## ACTIVITY:
Your copy should match the entries below exactly, apart from the images.

## Stored entries:
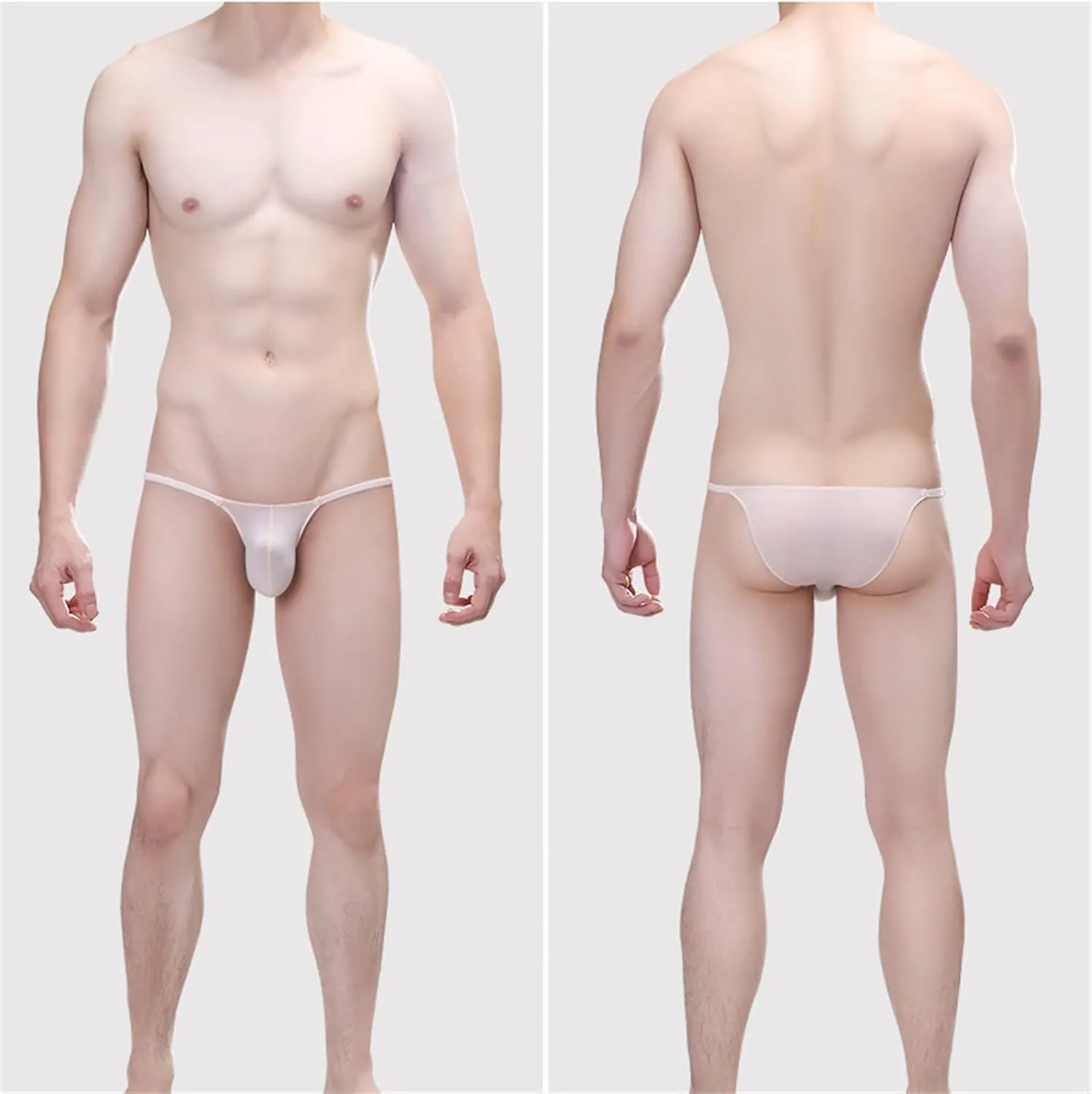 JEsilunmaMY Men's Ice Silk Thongs Low Waist Bulge Pouch G-Strings Briefs High Stretch Sexy Thin High Fork Underwear Lingerie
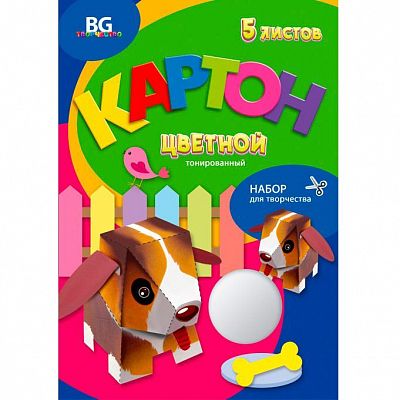 Набор цветного картона "BG", 5л, А4, тонированный, серия "Забавные животные", в папке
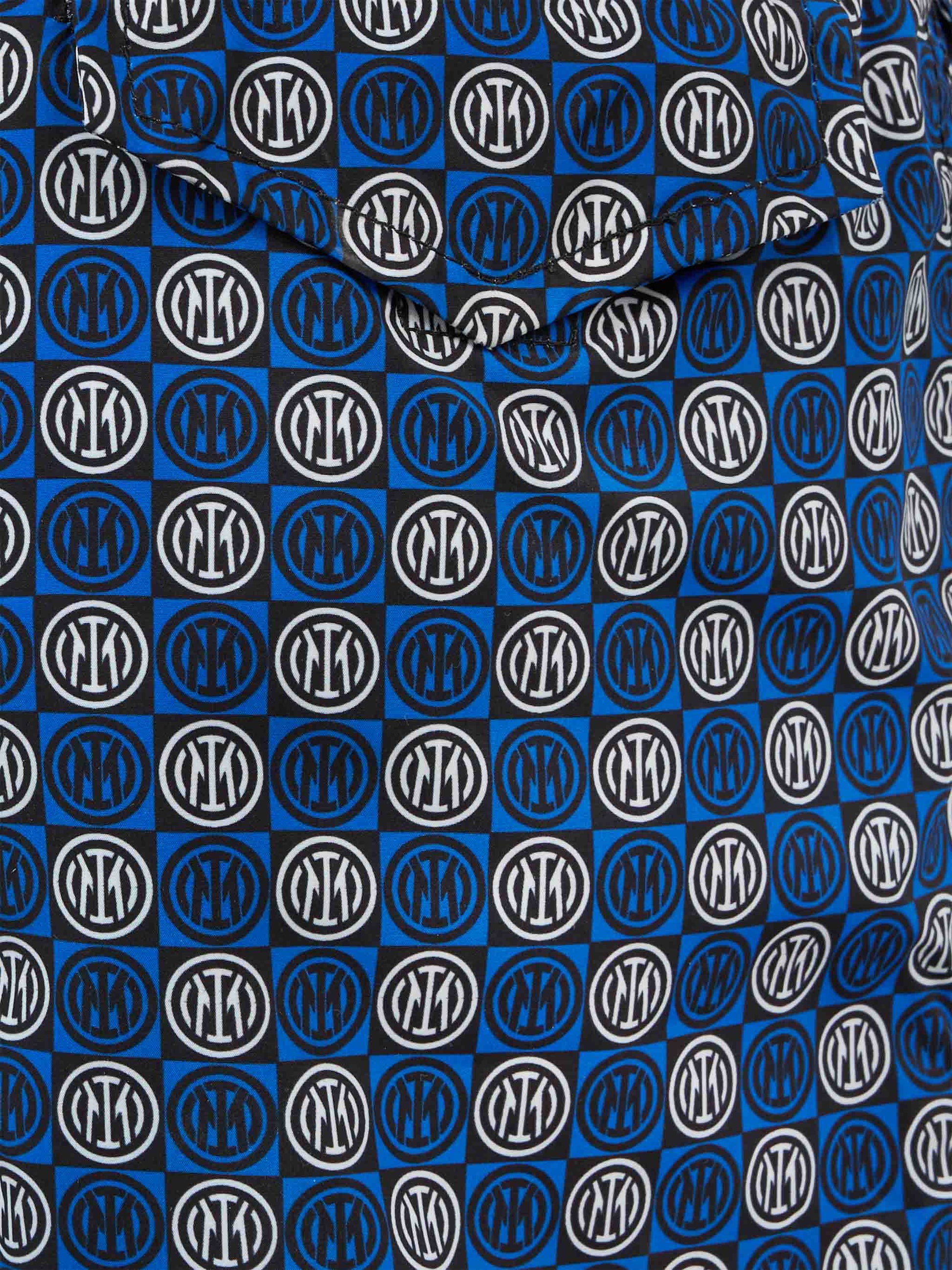 Boy lightweight fabric swimshorts with Inter print | INTER SPECIAL EDITION - MC2 Saint Barth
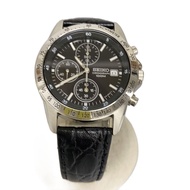 SEIKO mens watches quartz wrist watch analogues leather SLV BLK SS 7T92-0DW0 Direct from Japan Secon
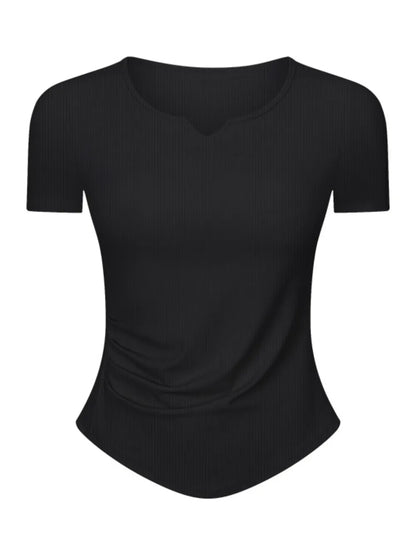 Millennia Notched Short Sleeve Active T-Shirt - Fashorio
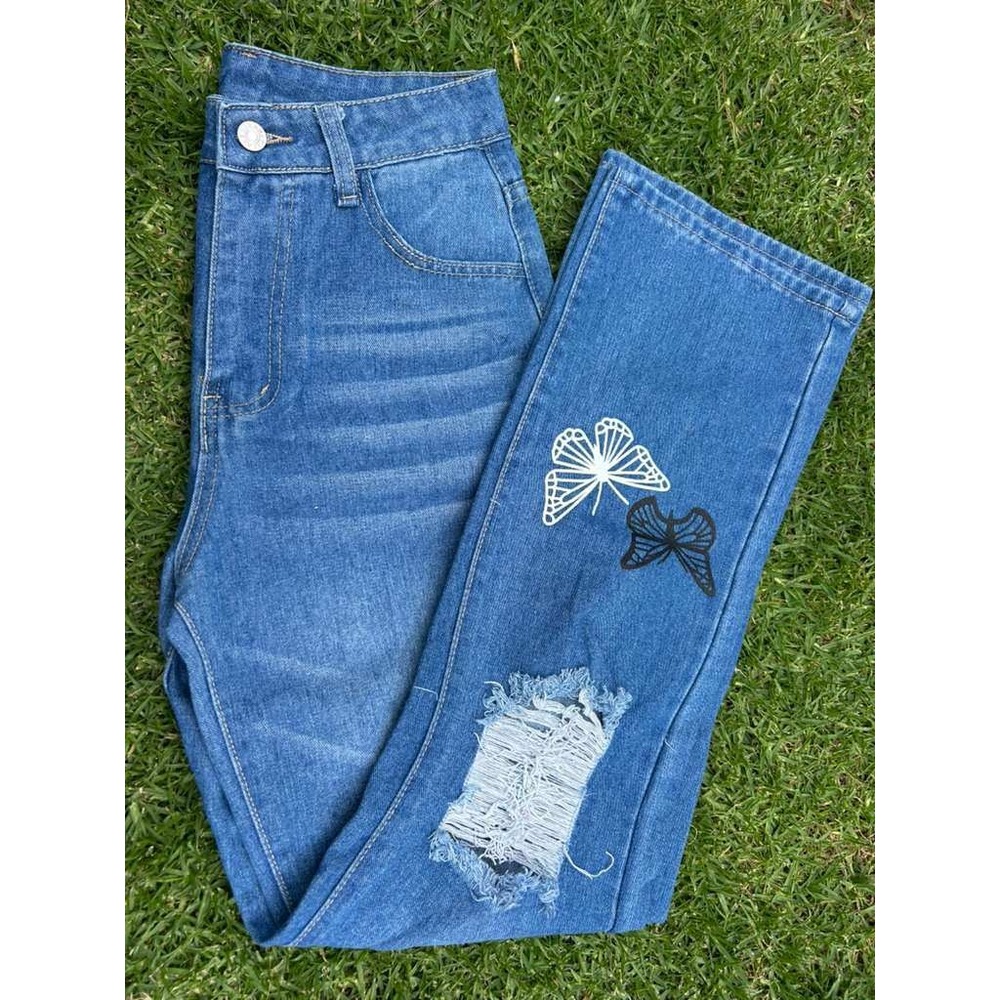 Butterfly Graphic Distressed Wide Leg Jeans Medium Wash High Rise Y2K Denim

## SOLUTION TO THE PROBLEM:
 JEsilunmaMY Men's Ice Silk Thongs Low Waist Bulge Pouch G-Strings Briefs High Stretch Sexy Thin High Fork Underwear Lingerie
 Набор цветного картона "BG", 5л, А4, тонированный, серия "Забавные животные", в папке
 Boy lightweight fabric swimshorts with Inter print | INTER SPECIAL EDITION - MC2 Saint Barth
 SEIKO mens watches quartz wrist watch analogues leather SLV BLK SS 7T92-0DW0 Direct from Japan Secon
 Millennia Notched Short Sleeve Active T-Shirt - Fashorio
 Butterfly Graphic Distressed Wide Leg Jeans Medium Wash High Rise Y2K Denim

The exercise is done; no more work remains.